* Task brief *
Quote exactly the lines from the one with "Snapshot of nicky_weekends" to the end of the data, both included; omit the pictures.
(Records supplied)
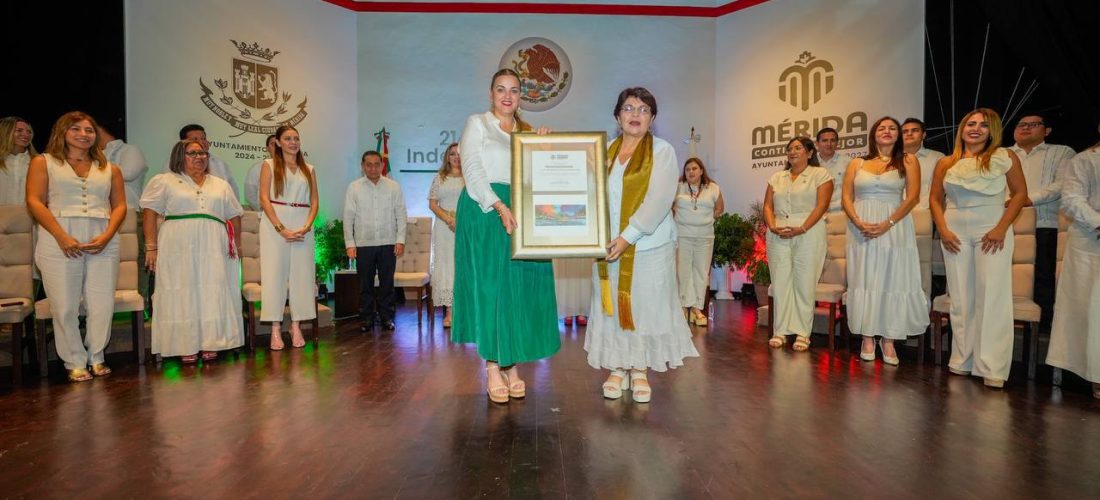 SESIÓN SOLEMNE EN EL CABILDO MERIDANO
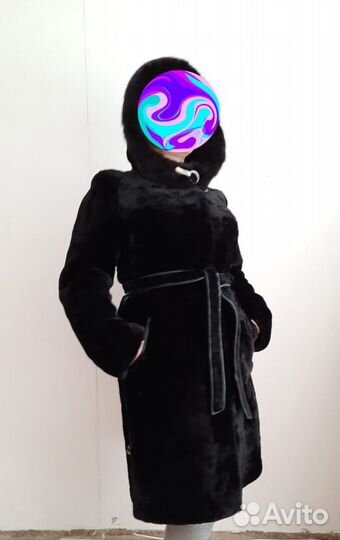 Шуба мутоновая с капюшоном из норки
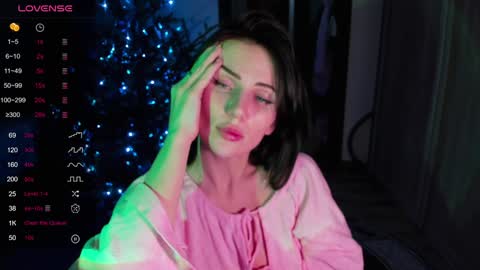 Snapshot of nicky_weekends chatting on 01-06-25, 10:26 Nicky Weekends online show from 01-06-25, 10:26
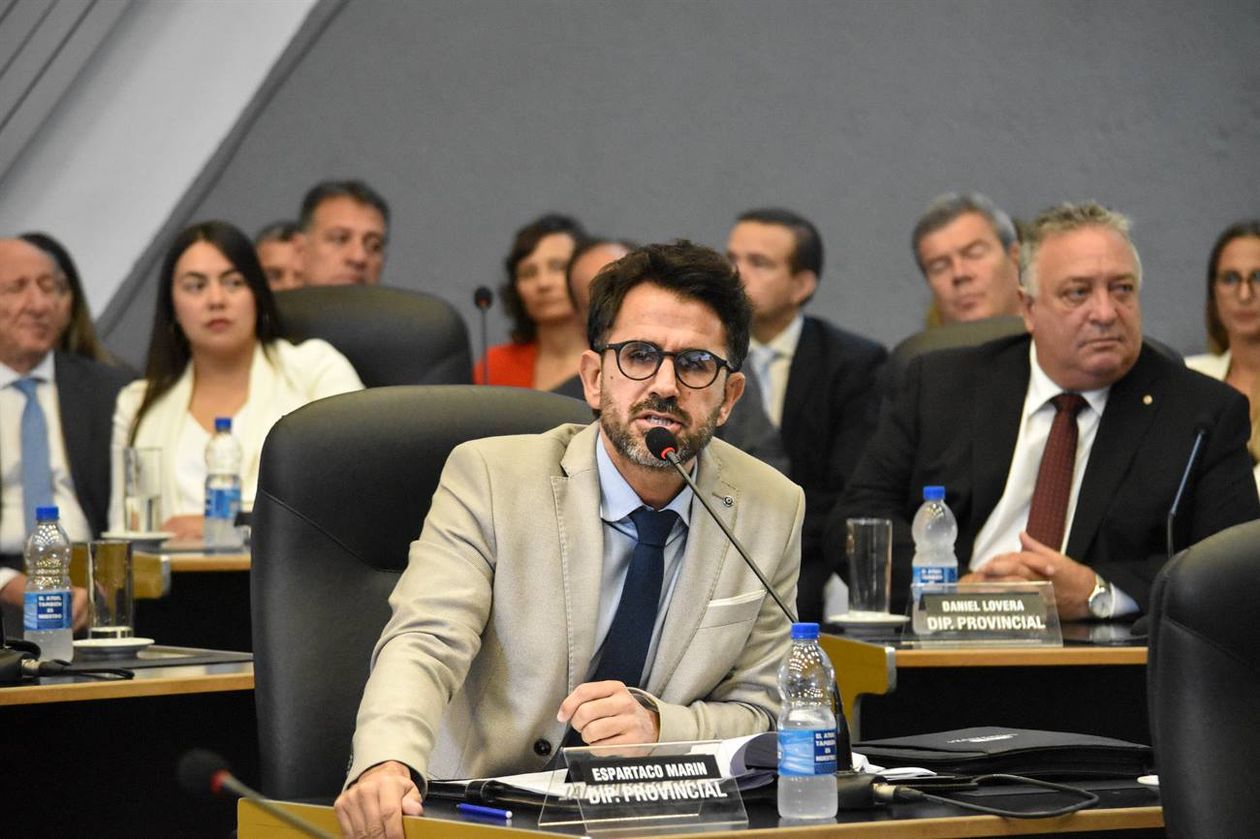 Espartaco Marín, cuando era presidente de bloque; a sus espaldas, Daniel Lovera (Plural), que asumió en su lugar: fue un golpe político en la Legislatura. FOTO: www.radiokermes.com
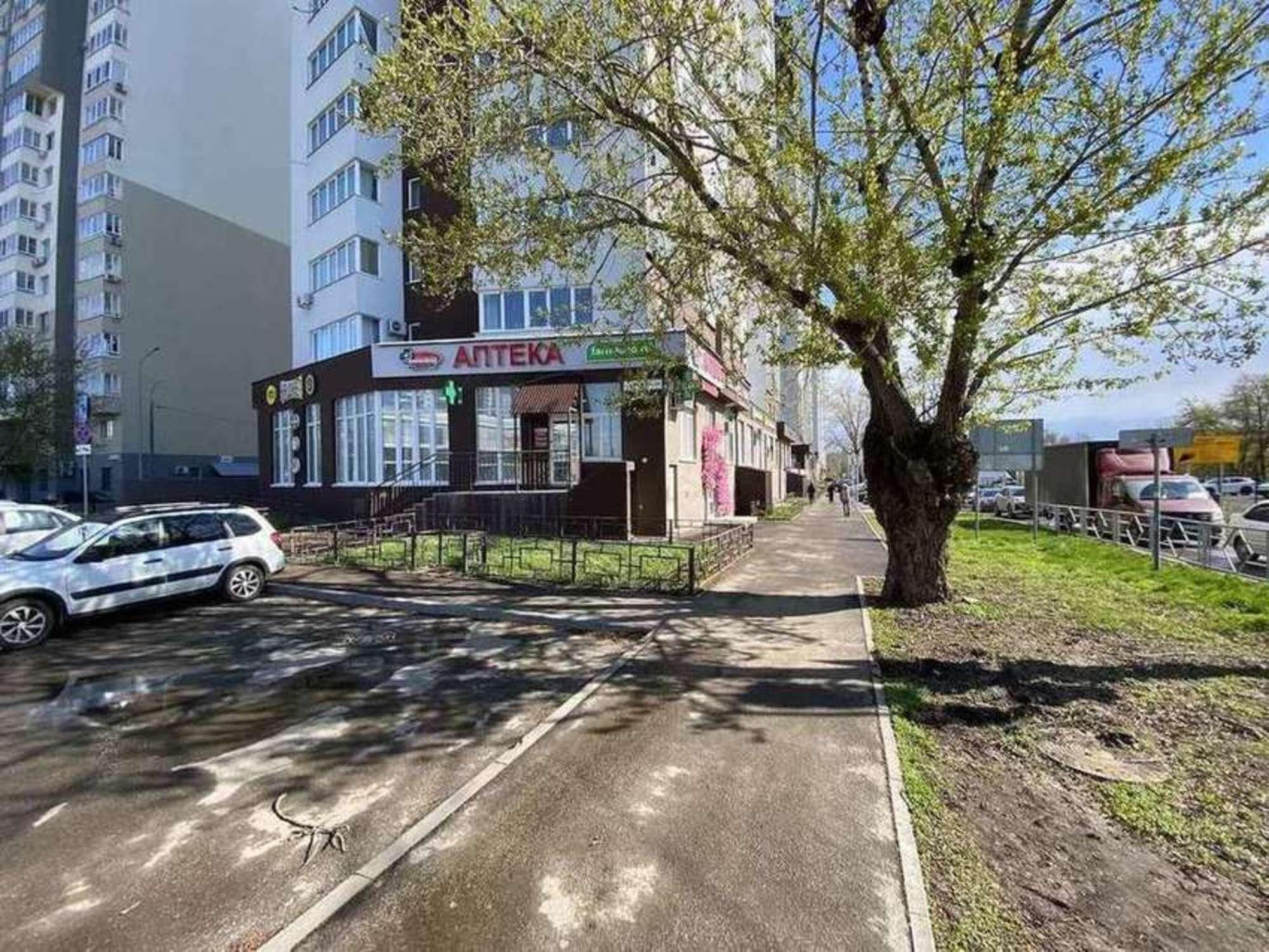 Купить торговое помещение за 24 750 000 рублей на Карла Маркса проспект, 242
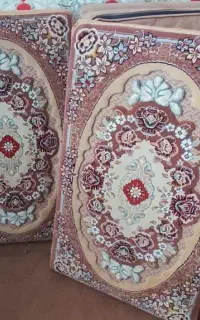 پشتی گردویی طرح برجسته و نقش زیبا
(End Records supplied)
* Task solution *
 Snapshot of nicky_weekends chatting on 01-06-25, 10:26 Nicky Weekends online show from 01-06-25, 10:26
 Espartaco Marín, cuando era presidente de bloque; a sus espaldas, Daniel Lovera (Plural), que asumió en su lugar: fue un golpe político en la Legislatura. FOTO: www.radiokermes.com
 Купить торговое помещение за 24 750 000 рублей на Карла Маркса проспект, 242
 پشتی گردویی طرح برجسته و نقش زیبا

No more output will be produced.